## GIVEN RECORDS

+---+

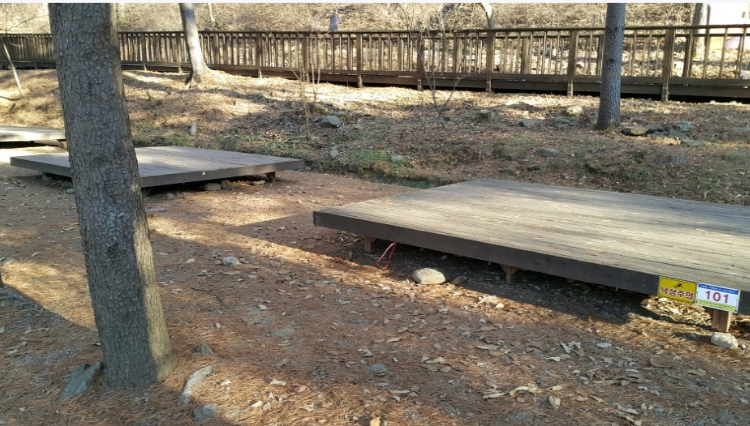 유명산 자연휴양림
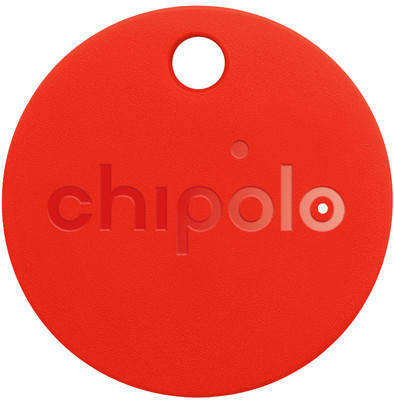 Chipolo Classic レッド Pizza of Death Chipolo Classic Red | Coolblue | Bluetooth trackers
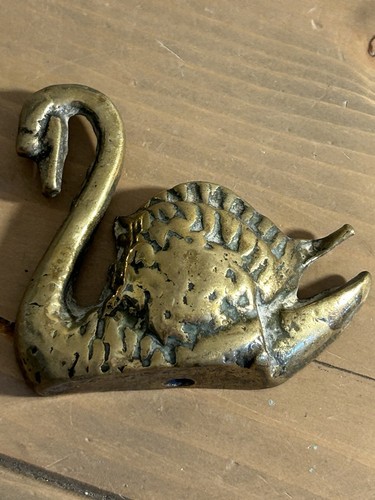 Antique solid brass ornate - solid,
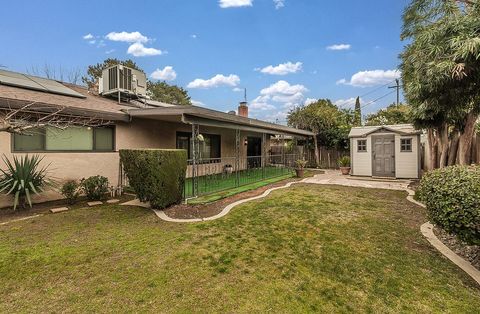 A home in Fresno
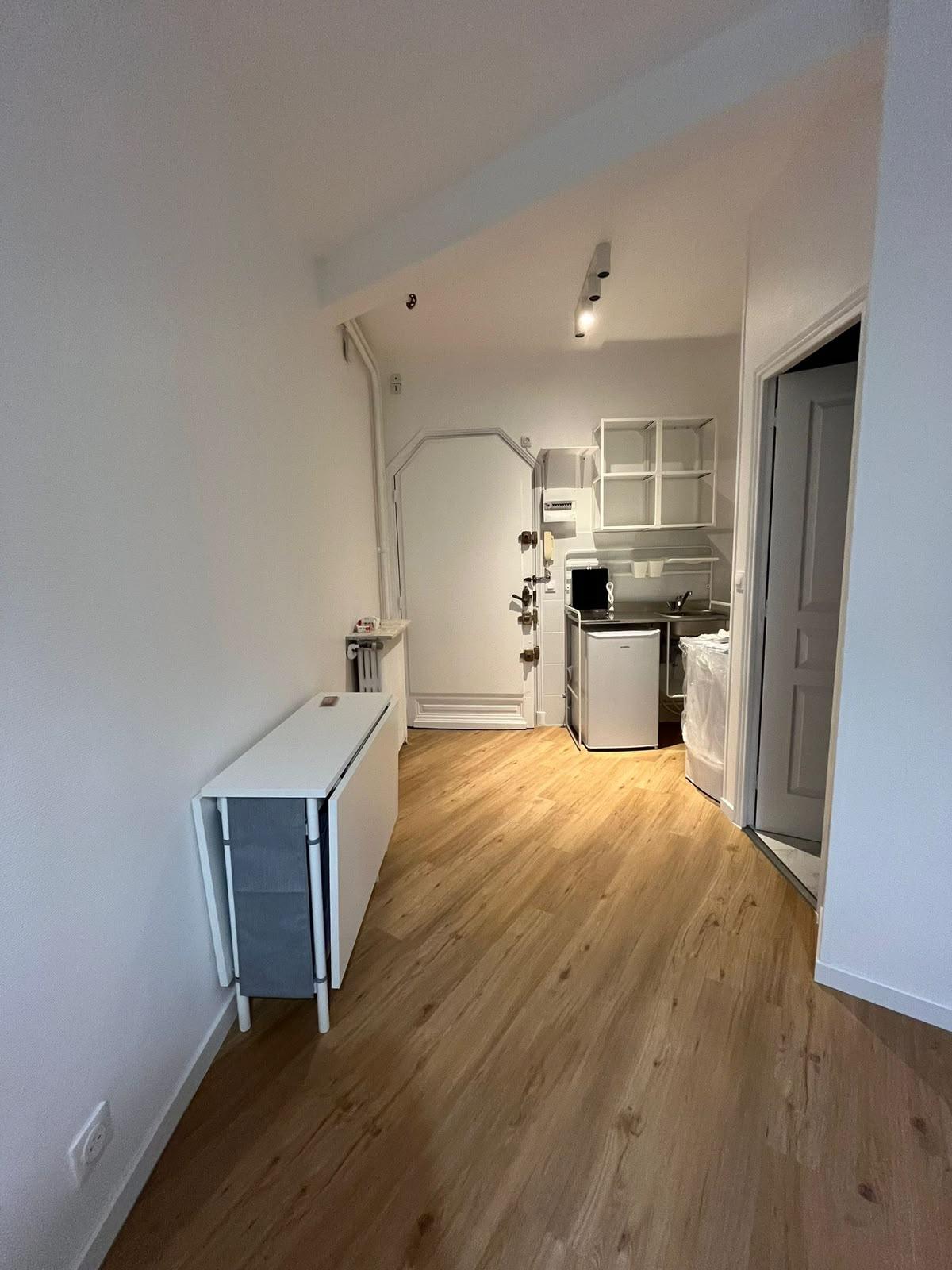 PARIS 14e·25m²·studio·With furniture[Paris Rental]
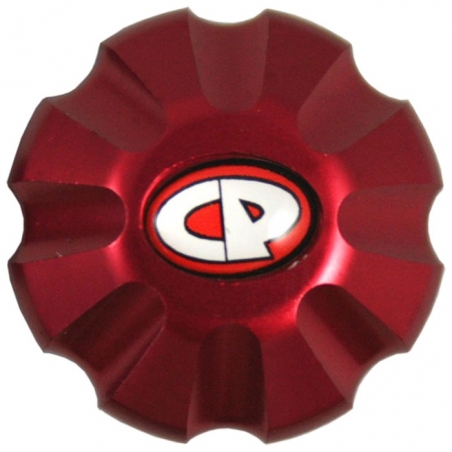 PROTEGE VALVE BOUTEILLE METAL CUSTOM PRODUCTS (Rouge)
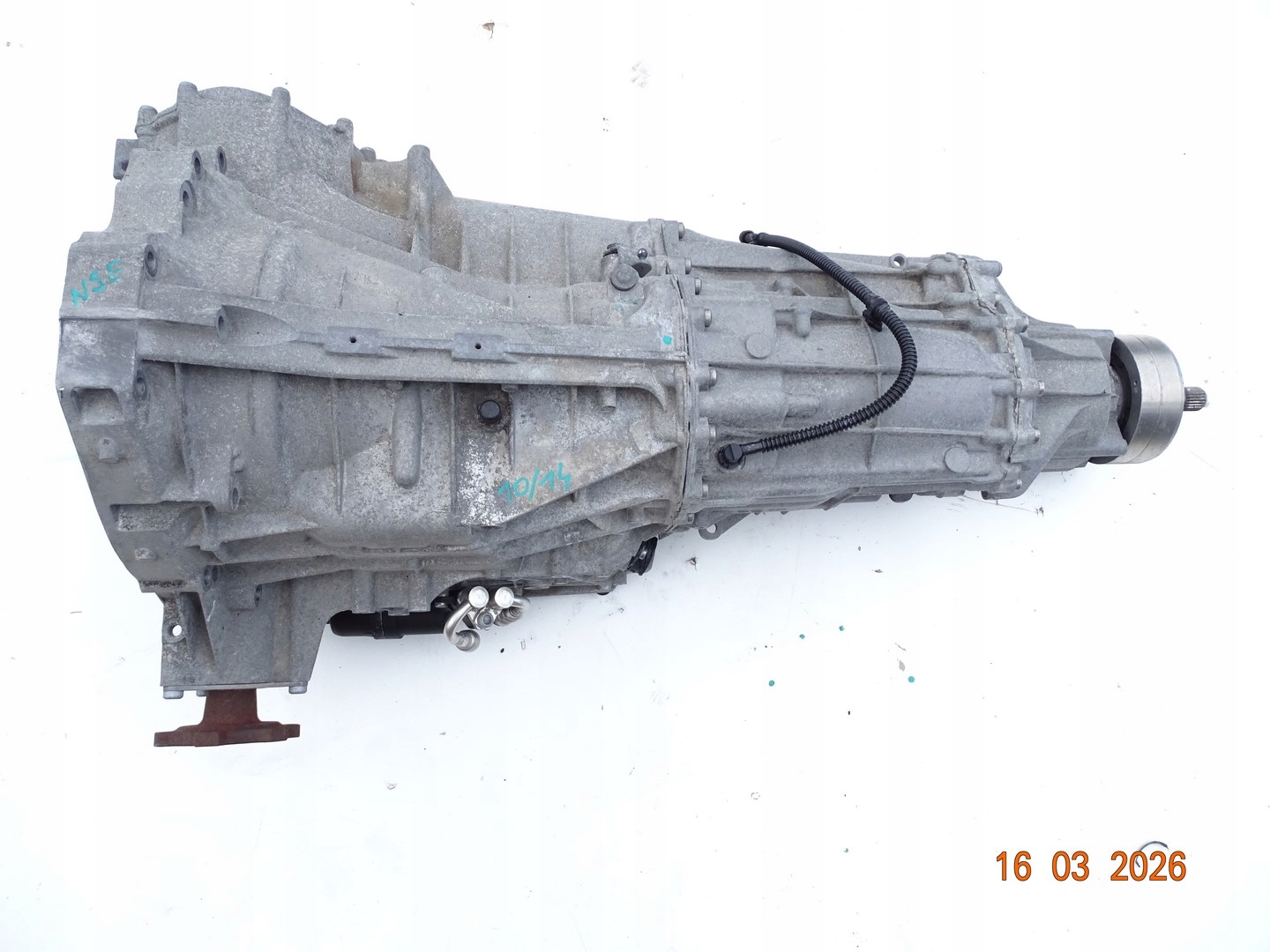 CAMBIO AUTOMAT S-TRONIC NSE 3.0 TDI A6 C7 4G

+---+

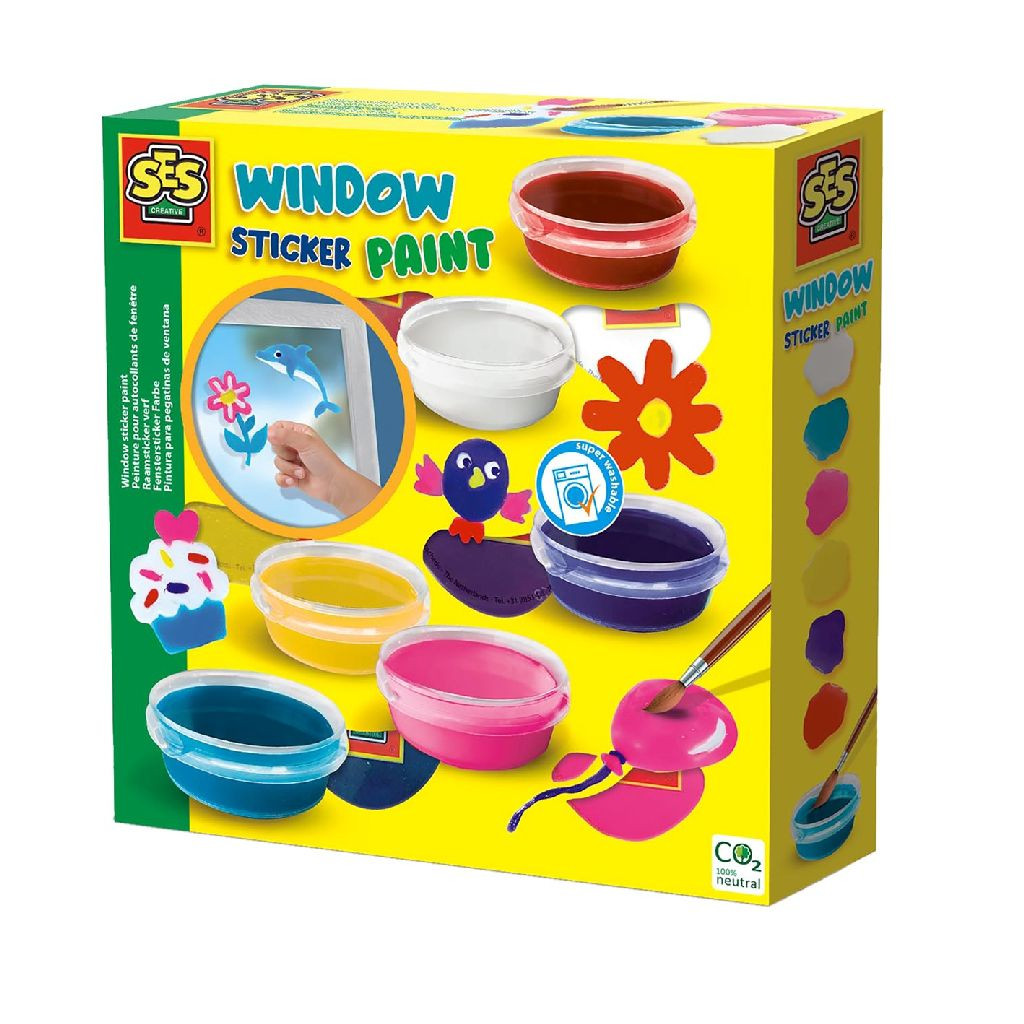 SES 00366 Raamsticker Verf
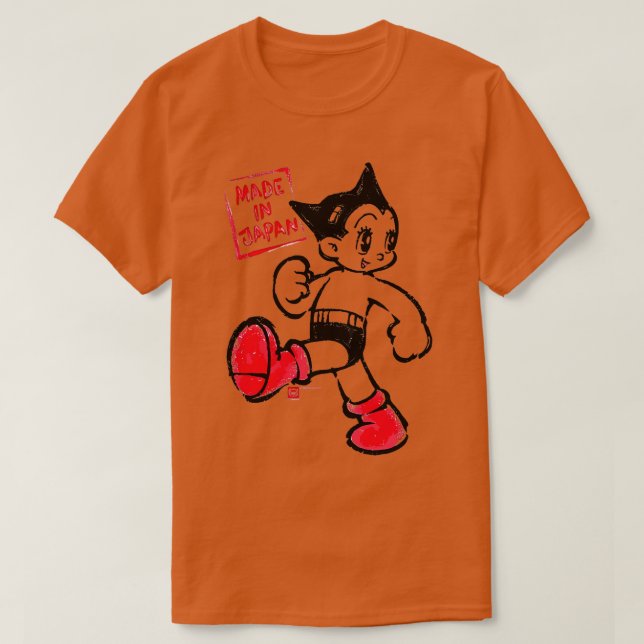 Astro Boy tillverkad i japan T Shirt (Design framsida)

+---+

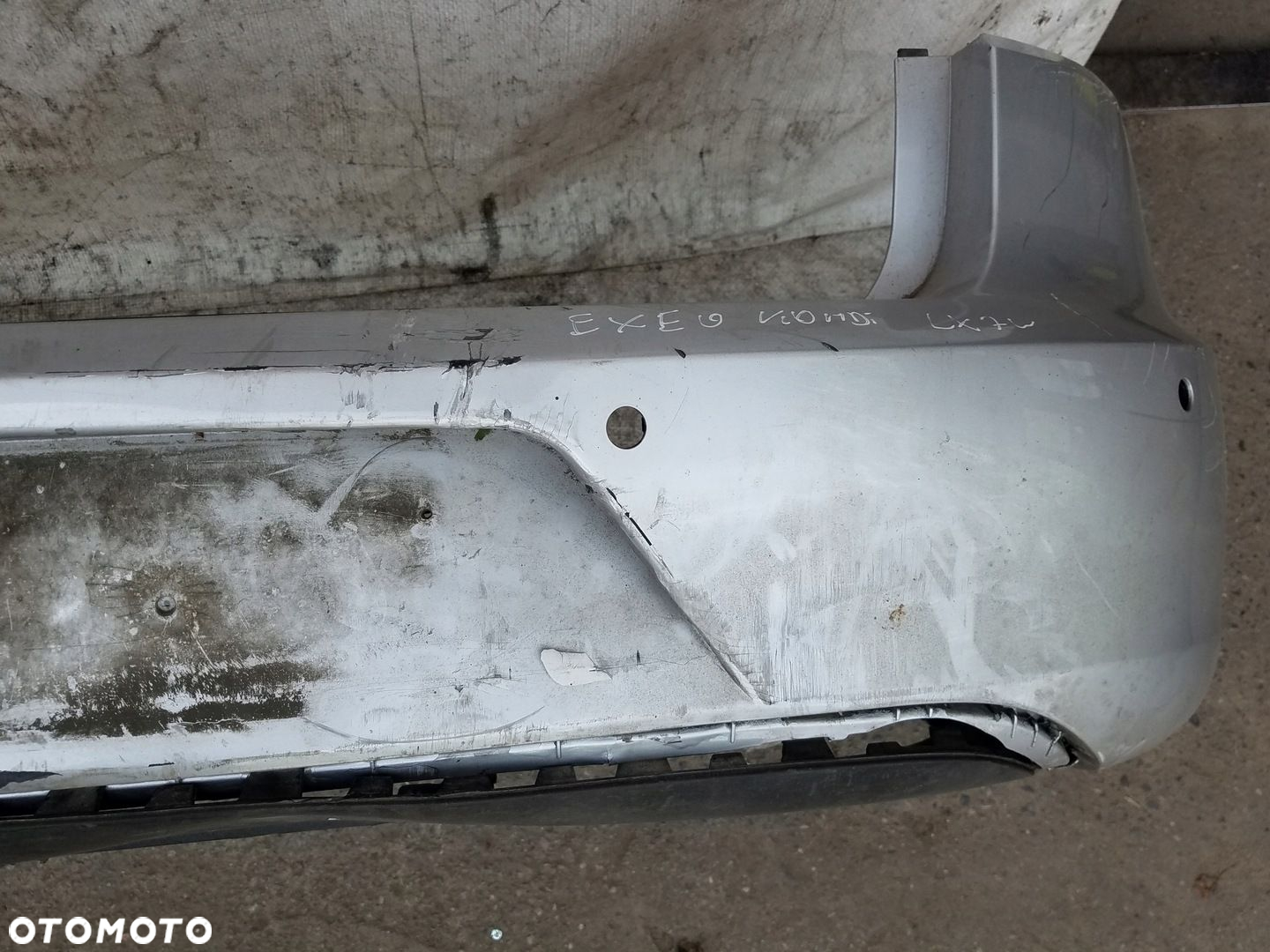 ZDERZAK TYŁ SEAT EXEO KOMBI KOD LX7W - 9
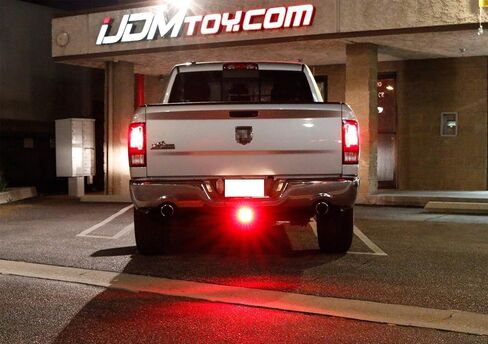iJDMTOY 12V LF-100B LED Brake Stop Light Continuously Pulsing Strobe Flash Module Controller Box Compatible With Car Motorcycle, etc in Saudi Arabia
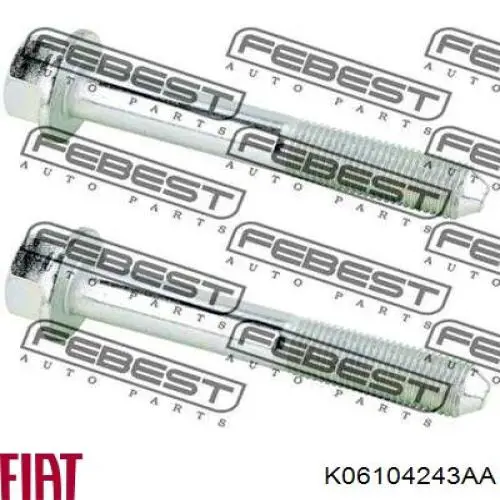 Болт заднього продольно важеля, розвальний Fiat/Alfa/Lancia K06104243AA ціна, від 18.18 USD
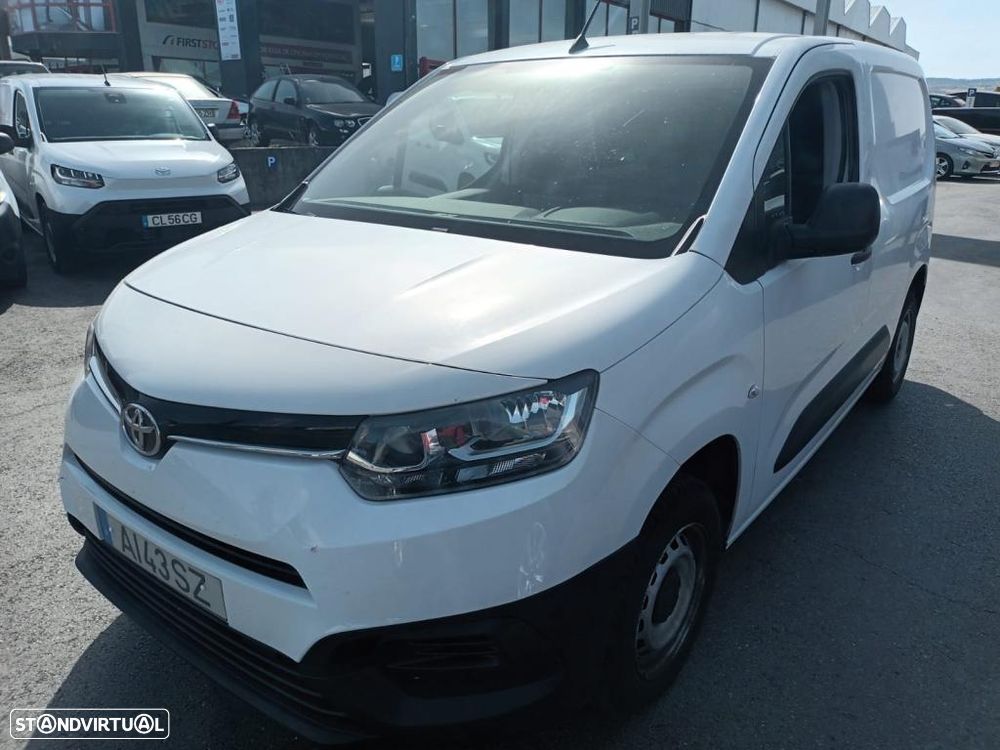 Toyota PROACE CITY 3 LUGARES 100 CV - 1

+---+

## INSTRUCTIONS FOR THE TASK
Make an exact copy of the lines above, beginning with the line with "Chipolo Classic レッド" and ending with the line with "CAMBIO AUTOMAT S-TRONIC NSE 3.0 TDI A6 C7 4G", and keep the pictures out of it.

## YOUR RESPONSE
 Chipolo Classic レッド Pizza of Death Chipolo Classic Red | Coolblue | Bluetooth trackers
 Antique solid brass ornate - solid,
 A home in Fresno
 PARIS 14e·25m²·studio·With furniture[Paris Rental]
 PROTEGE VALVE BOUTEILLE METAL CUSTOM PRODUCTS (Rouge)
 CAMBIO AUTOMAT S-TRONIC NSE 3.0 TDI A6 C7 4G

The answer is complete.